Behind the pageantry that will be on display during President Trump’s meeting with President Xi Jinping of China this week is a less pleasant reality. For at least the last decade, Beijing has been actively targeting America’s telecommunications networks, intellectual property and electrical and water utilities in a sustained campaign of intrusion.
The summit provides an opportunity to raise the issue more forcefully with Mr. Xi than American leaders have in the past. But America also has its own unpleasant reality to face: Protecting the country from bad actors in cyberspace is a job for Americans, and we haven’t been doing enough to defeat China’s efforts.
The good news is that the United States has a huge advantage in today’s cybercompetitions: the extraordinary concentration of technical capability, network reach and institutional knowledge embedded in American industry. Our cybersecurity companies monitor billions of devices globally, observing adversary activity faster and more precisely than any intelligence service. American cloud and telecommunications providers power the preponderance of global commerce. U.S. technology firms operate at a scale no government entity can replicate.
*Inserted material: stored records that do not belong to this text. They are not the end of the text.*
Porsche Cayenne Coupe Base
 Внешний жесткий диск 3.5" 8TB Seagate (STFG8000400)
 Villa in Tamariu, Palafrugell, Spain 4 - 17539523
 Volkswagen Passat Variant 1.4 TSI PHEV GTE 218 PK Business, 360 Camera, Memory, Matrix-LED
Part of the challenge has been engaging American technology companies in the fight. The tech industry can no longer accept the status quo of vulnerabilities across its networks. But the government can take steps to fix things, too, by rewriting opaque laws, helping states and municipal systems patch vulnerabilities, and investing in countermeasures to defend against the most dangerous emerging cyberthreats.
We need a system with shared responsibility for defending America in cyberspace. Voluntary information sharing between private companies and the government — the default approach to cyberdefense until now — is not enough. Here’s how industry, local, state and federal government can get serious about defending against cyberattacks.
It’s important to understand the scale of the problem. Through its hacking proxy, Volt Typhoon, China has sought to pre-position malware in hundreds of local utility systems with the intent to disrupt Americans’ critical water and electrical supplies. With Salt Typhoon, which gained access to networks nationwide, it has tapped the phones of senior American officials and the telecommunications providers serving millions of Americans. Every year, China-sponsored actors steal intellectual property from U.S.-based companies worth between $225 billion and $600 billion, according to a 2017 report from the Commission on the Theft of American Intellectual Property.